The attorney said only “knowing” violations of state election laws subject violators to potential jail time and fines. And Morrissey said staffers were trying to comply with the law, even though they did not succeed.

That still leaves Reagan, as the top state election official, in civil violation of the law. But Morrissey said a gap in state statutes provides no penalty.

Brnovich spokesman Ryan Anderson said attorneys within the office are reviewing the findings to see if further action is necessary. But without a change in the law, Anderson said, there is nothing to deter election officials from repeating the error.

“As we said last year, mistakes were made and we were responsible,” Reagan said Wednesday in a prepared statement. “Since, we’ve made staffing changes, added additional layers of quality control and will utilize a different vendor.”

Arizona law mandates that one pamphlet go to every household with a registered voter ahead of people getting their early ballots. The pamphlet contains not only what is supposed to be an impartial explanation of every measure but also pro and con arguments. By law, that should have happened by April 20, 2016.

Morrissey found that staffers in Reagan’s office tried a method of generating a mailing list different than one used by her predecessors. But the list excluded voters in 13 of the state’s 15 counties who were also on another list where they automatically get early ballots.

Overall, with multiple voters at some homes, the failure to get 200,000 of the 1.9 million brochures out by the deadline may have left 400,000 without the information.

There were just slightly fewer than 1.1 million votes cast at the May 17 special election, and Proposition 123 was approved by a margin of 19,416 votes.

Morrissey said county election officials began notifying Reagan’s office as early as April 22 about voters not getting pamphlets. And by April 26, he said, “it was evident that the failure was widespread and not limited to a single county.”

He said, though, that Spencer advised staffers to respond only to county election officials who made specific inquiries.

“For 19 days ... Secretary Reagan’s staff and Secretary Reagan chose not to widely disseminate information,” Morrissey wrote. “The staff did not inform all county election officials, or the public, that certain pamphlets had not been delivered.”
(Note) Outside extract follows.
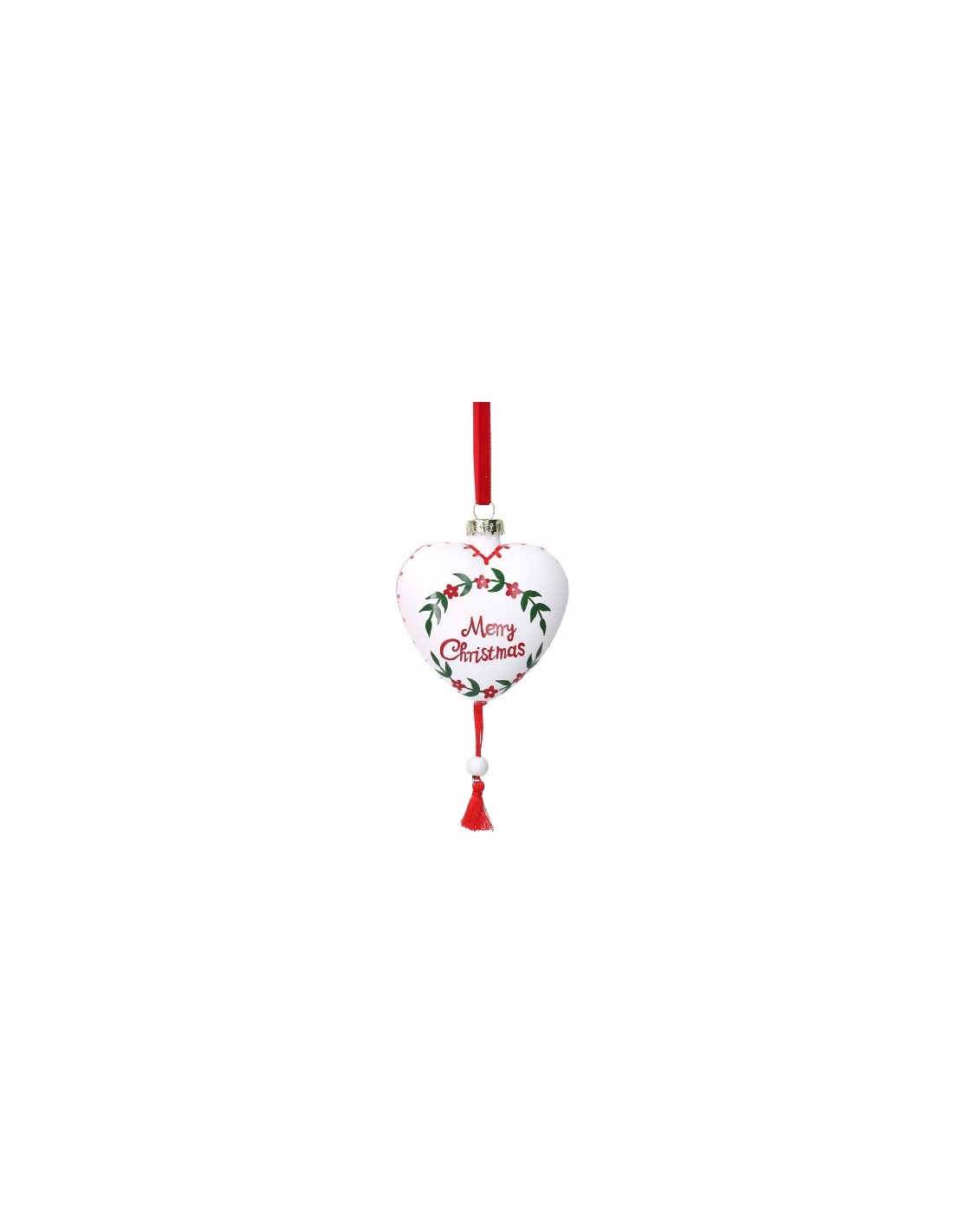 PENDENTE 635866 CUORE BIANCO 8X14CM VETRO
Spencer specifically rejected the idea, he said, of mailing a postcard to affected voters to tell them that the pamphlets would be coming, albeit late.

“Other remedial options that would have provided wider notice to voters of the nature and scope of the problem, such as a press conference, or notice to the election officials in all 15 counties, were also not adopted,” Morrissey said.

Reagan finally acknowledged the problem on May 11, six days before the election and after about half a million votes had been cast.

But even then, Morrissey said, Reagan was not being honest with voters, saying the problem was with an outside company that was preparing the mailing list.

“In blaming IBM, Secretary Reagan failed to acknowledge that her staff, not IBM, was responsible for and produced the household mailing list,” he said. Morrissey said that was the fault of Reagan’s office, which “deviated from successful practices of previous secretaries of state.”

Morrissey also took issue with Spencer who, while being interviewed for the investigation, minimized the importance of the brochures. “That view is inconsistent with the role of the publicity pamphlet envisioned by the Arizona Legislature, the courts, and most importantly, the voters,” Morrissey wrote.

“Further, it is not true that the publicity pamphlet was available everywhere,” he said. For example, Morrissey said, many voters lack access to the internet to get one online.

Morrisey said Reagan declined Spencer’s offer to resign in the wake of the problem and no staff members were disciplined.

In complaining to Brnovich, Ryan asked that the election be postponed. The attorney general acknowledged the violation of state law but said nothing in the statutes gives him such authority.